The input:
^^^^^^^^^^^^^^^^

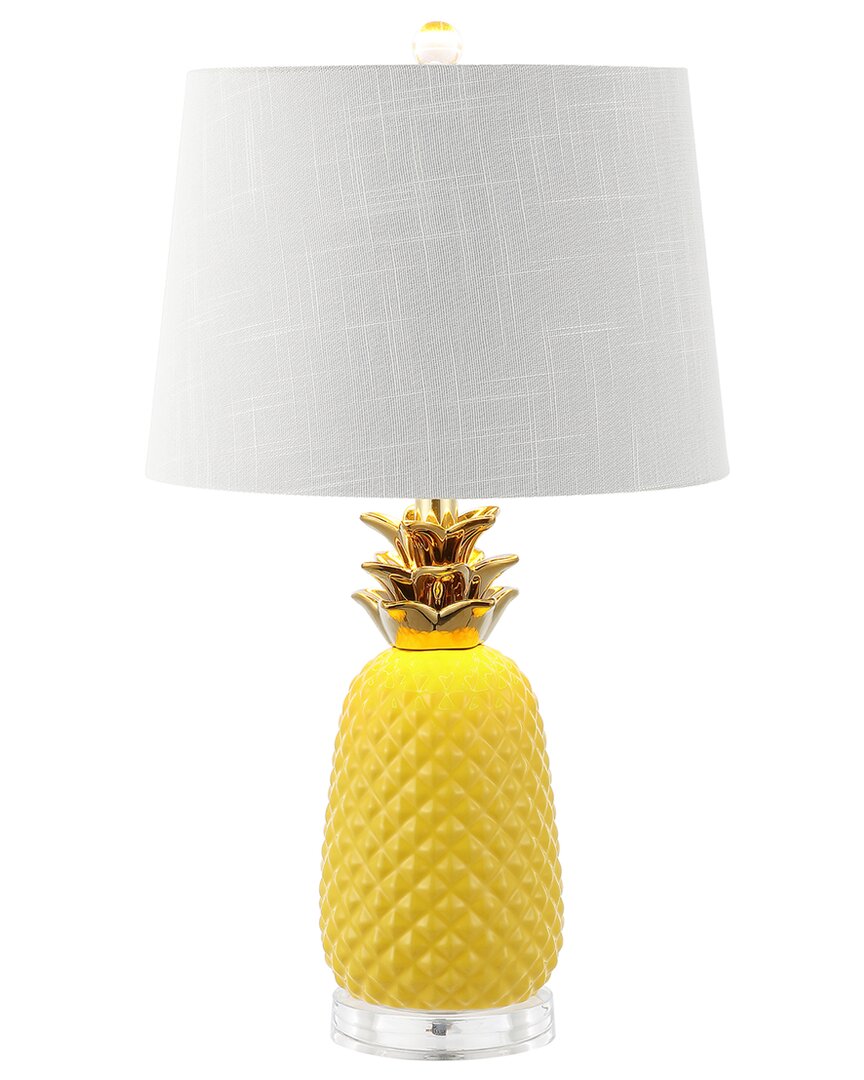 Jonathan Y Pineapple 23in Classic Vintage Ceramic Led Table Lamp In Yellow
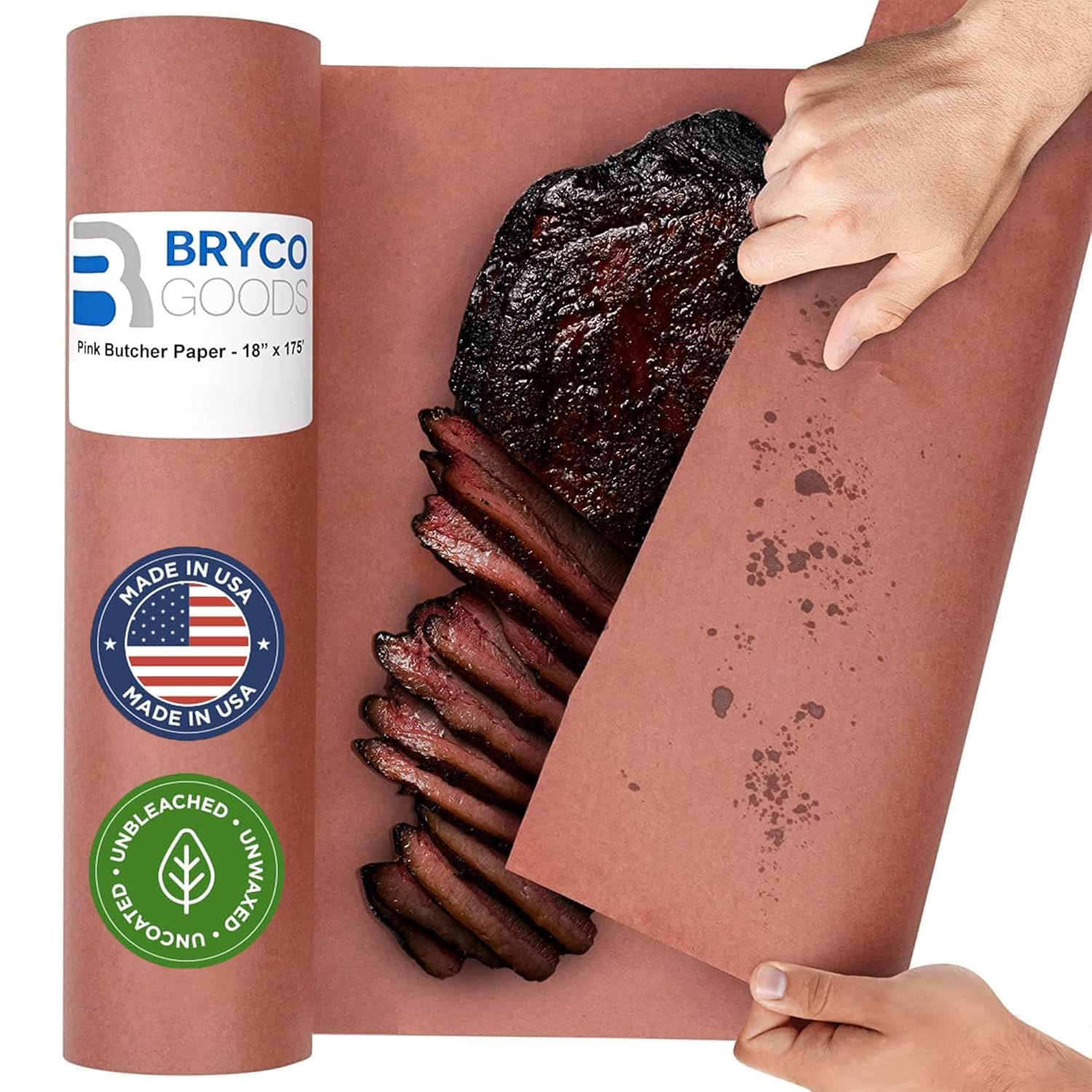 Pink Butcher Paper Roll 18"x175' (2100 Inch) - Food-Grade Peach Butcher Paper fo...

^^^^^^^^^^^^^^^^

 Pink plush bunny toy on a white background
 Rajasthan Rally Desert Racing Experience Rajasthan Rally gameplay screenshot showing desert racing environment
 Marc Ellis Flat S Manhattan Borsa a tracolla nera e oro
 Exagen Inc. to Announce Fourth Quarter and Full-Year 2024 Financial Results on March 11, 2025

^^^^^^^^^^^^^^^^

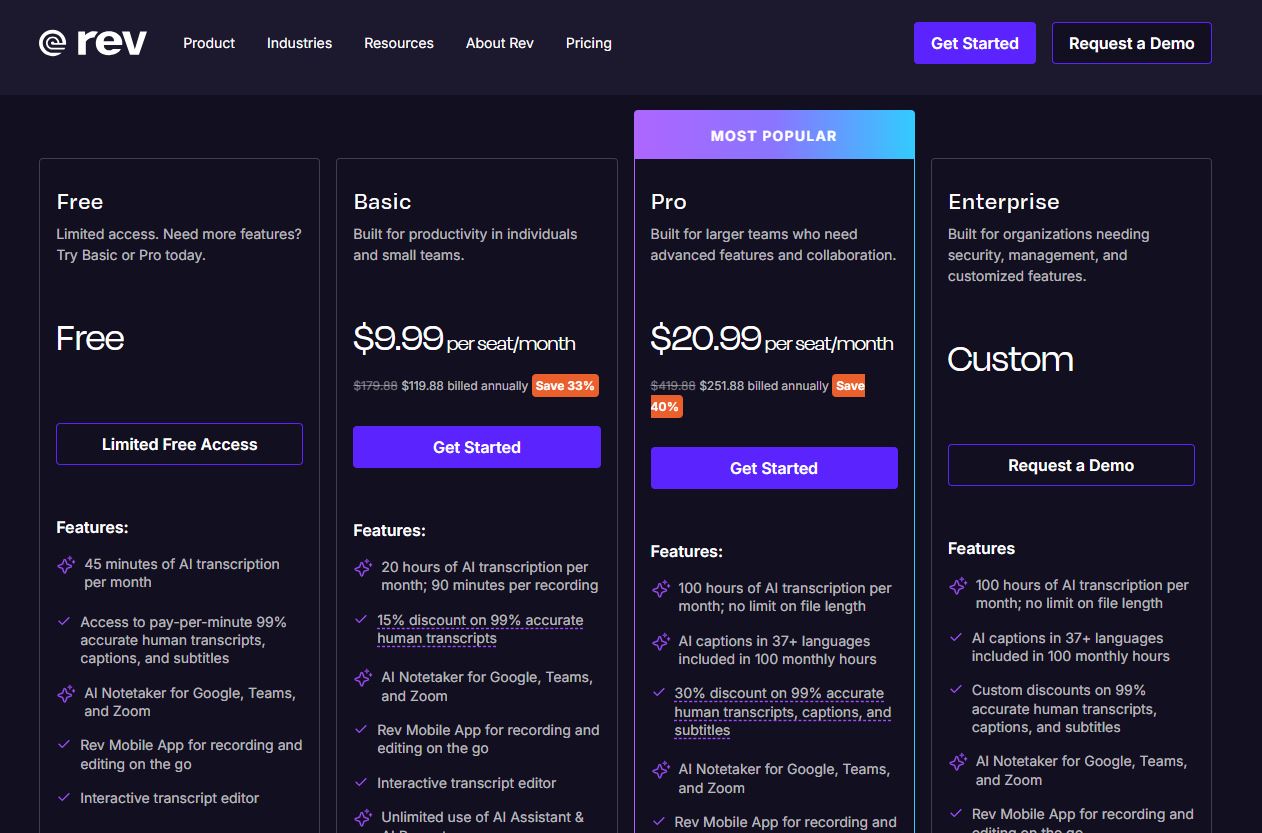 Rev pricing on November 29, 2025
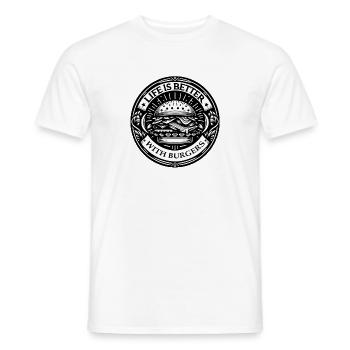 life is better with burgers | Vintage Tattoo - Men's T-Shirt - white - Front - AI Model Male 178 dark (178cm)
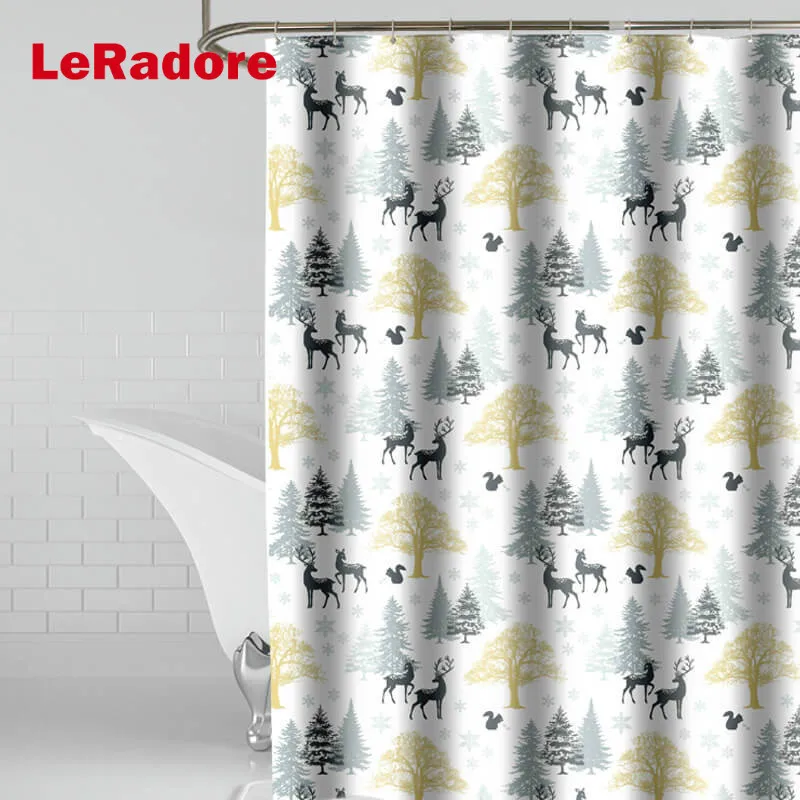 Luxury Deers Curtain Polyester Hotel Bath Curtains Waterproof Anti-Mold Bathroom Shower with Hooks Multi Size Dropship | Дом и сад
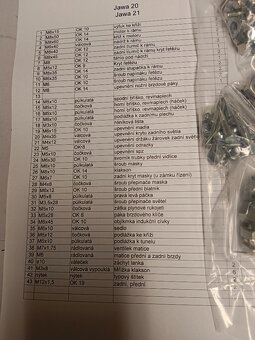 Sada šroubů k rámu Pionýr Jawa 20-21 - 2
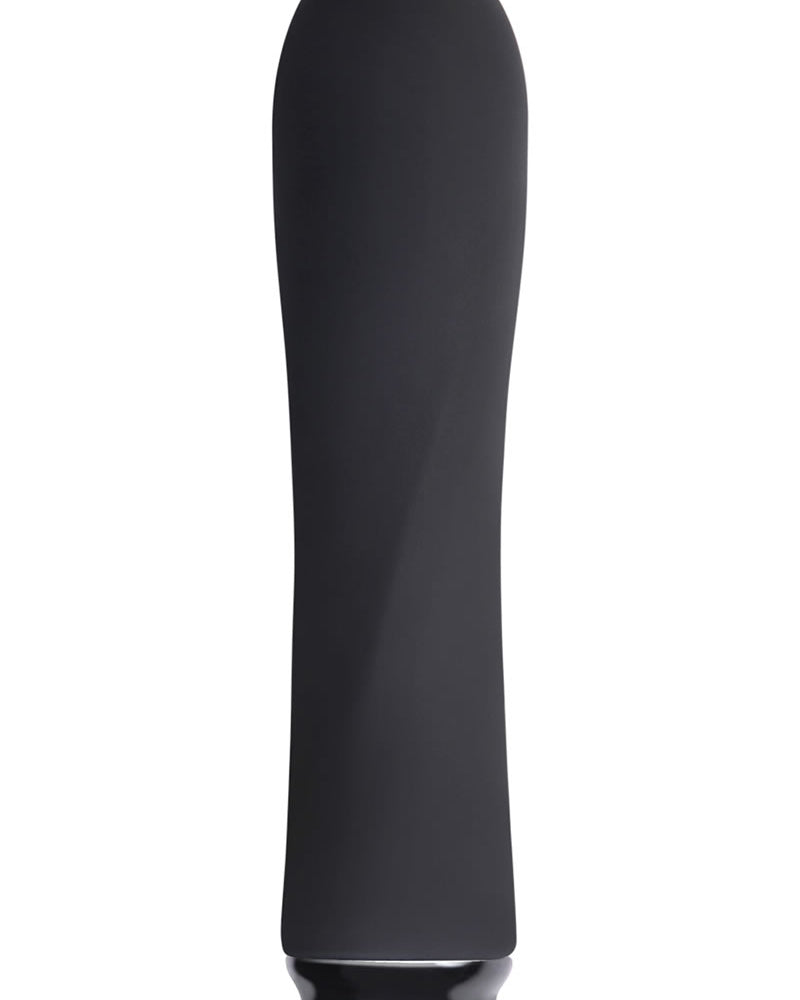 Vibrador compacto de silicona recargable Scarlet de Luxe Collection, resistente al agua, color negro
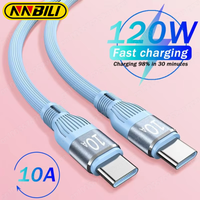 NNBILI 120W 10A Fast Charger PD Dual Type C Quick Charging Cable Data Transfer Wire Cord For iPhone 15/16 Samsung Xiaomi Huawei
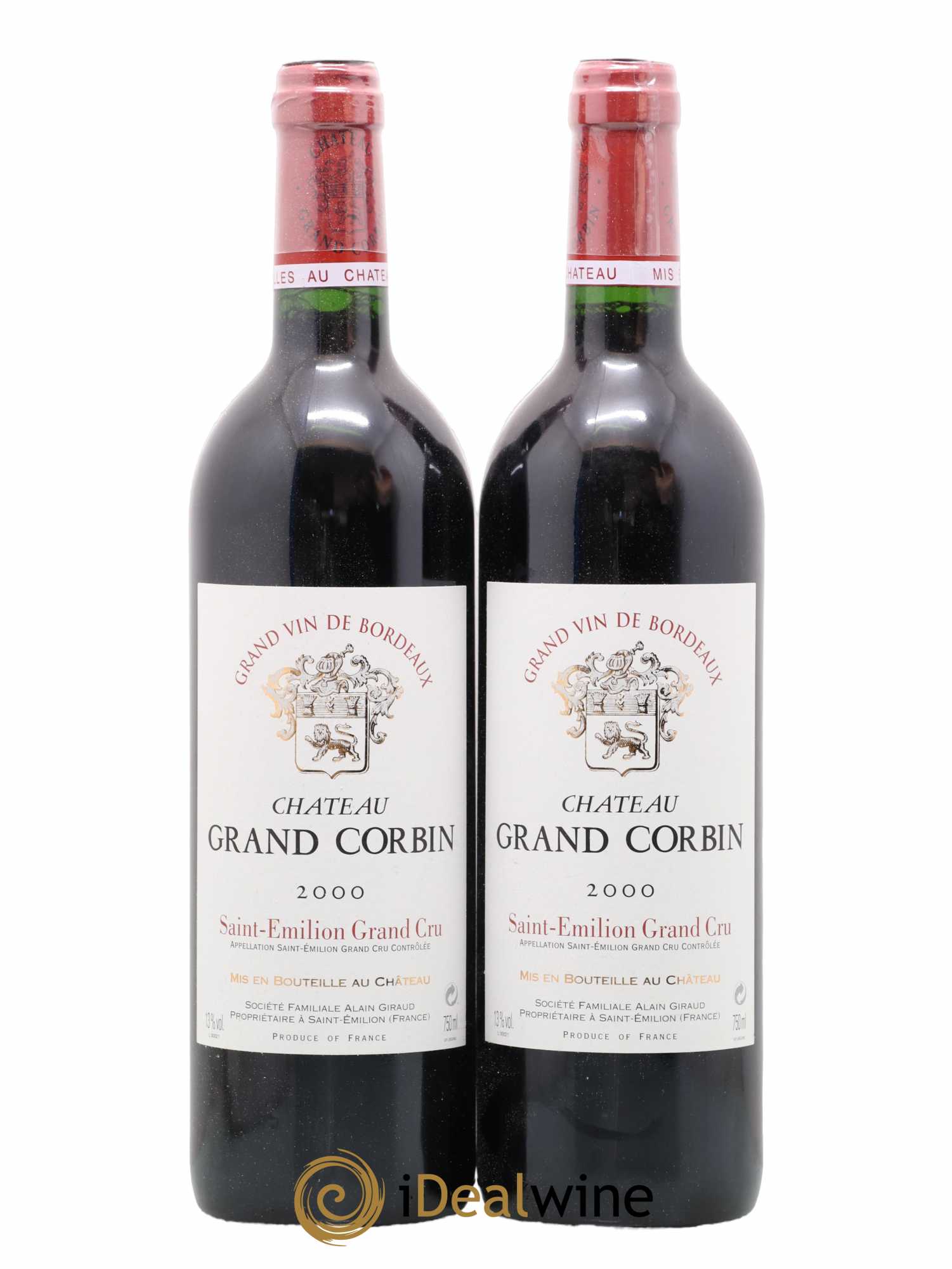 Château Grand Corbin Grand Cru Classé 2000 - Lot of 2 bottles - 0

^^^^^^^^^^^^^^^^

The problem:
Starting at the line above that holds "Jonathan Y Pineapple", return each line up to and including the one that holds "Pink Butcher Paper", exactly as written, minus any pictures.

Output of the task:
 Jonathan Y Pineapple 23in Classic Vintage Ceramic Led Table Lamp In Yellow
 Pink Butcher Paper Roll 18"x175' (2100 Inch) - Food-Grade Peach Butcher Paper fo...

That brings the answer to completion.